- _Exercise goal_: Shown below are entries with pictures; the line with "Giordano Rayakan Satu" through the line with "Carcasa termostato refrigerante" is the span to retype exactly, and the pictures stay out.

- _Material provided_:
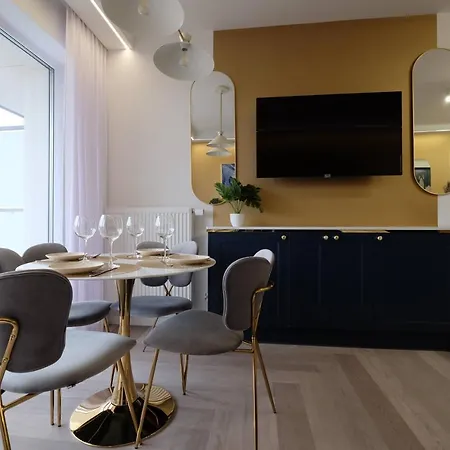 Apartamenty Centrum Premium Gold Bialystok Exterior photo
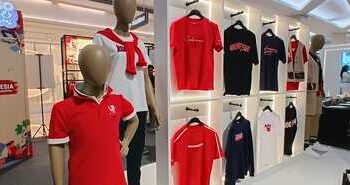 Giordano Rayakan Satu Dekade #OneIndonesia dengan Karya Seni Kolaboratif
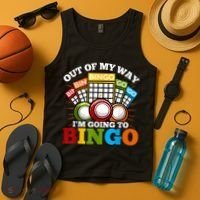 Bingo Tank Top thumb 4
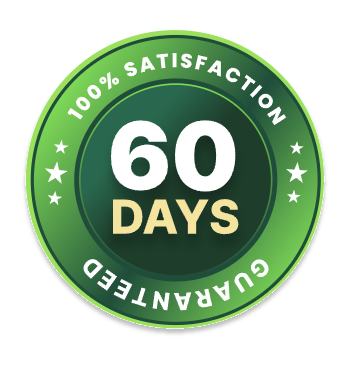 Dental Bright guarantee protection badge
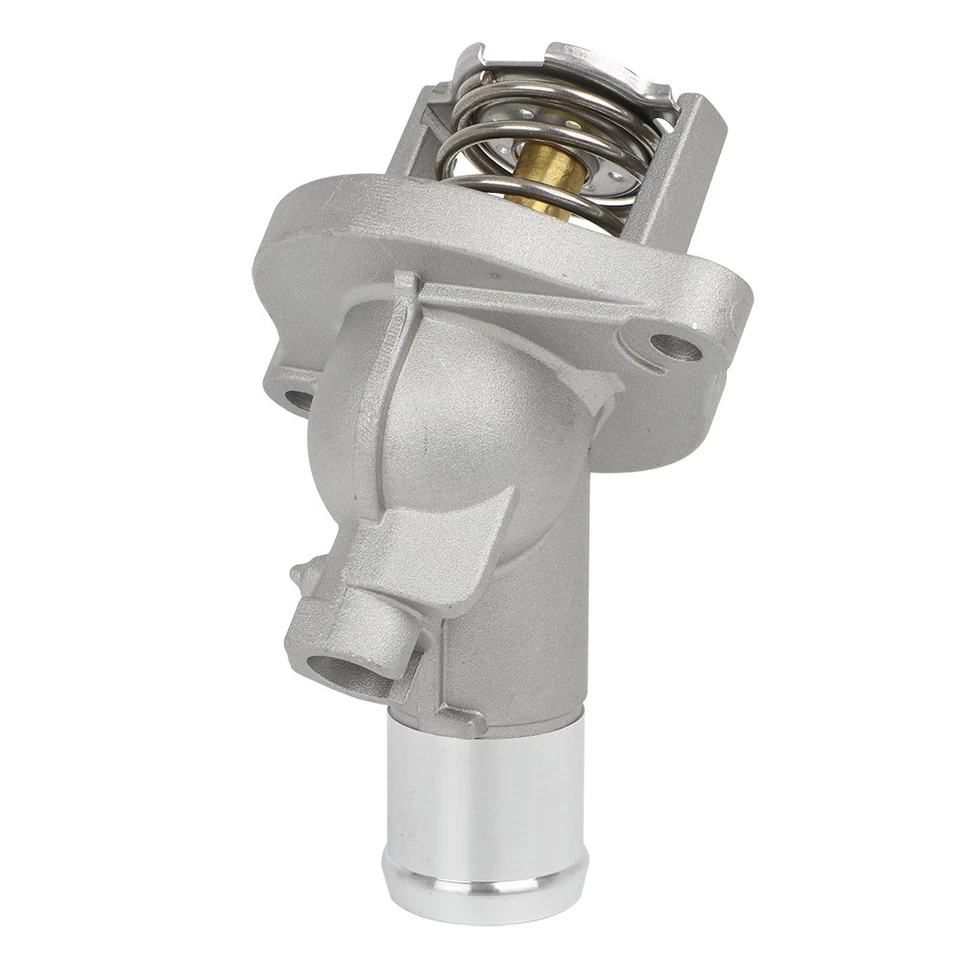 Carcasa termostato refrigerante 2,0 L para Cadillac ATS 2013-2019 GMC Terrain 2018-2021 Foto 4 de 4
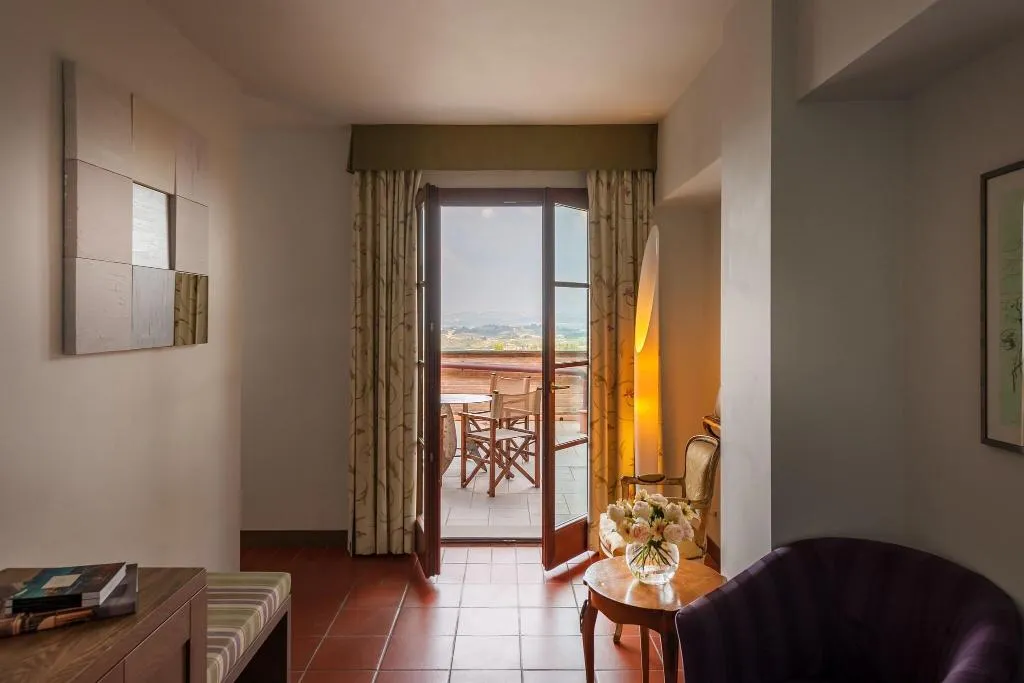 SUITE TWO BEDS Room, Villa San Paolo, Florence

- _Problem solution_:
 Giordano Rayakan Satu Dekade #OneIndonesia dengan Karya Seni Kolaboratif
 Bingo Tank Top thumb 4
 Dental Bright guarantee protection badge
 Carcasa termostato refrigerante 2,0 L para Cadillac ATS 2013-2019 GMC Terrain 2018-2021 Foto 4 de 4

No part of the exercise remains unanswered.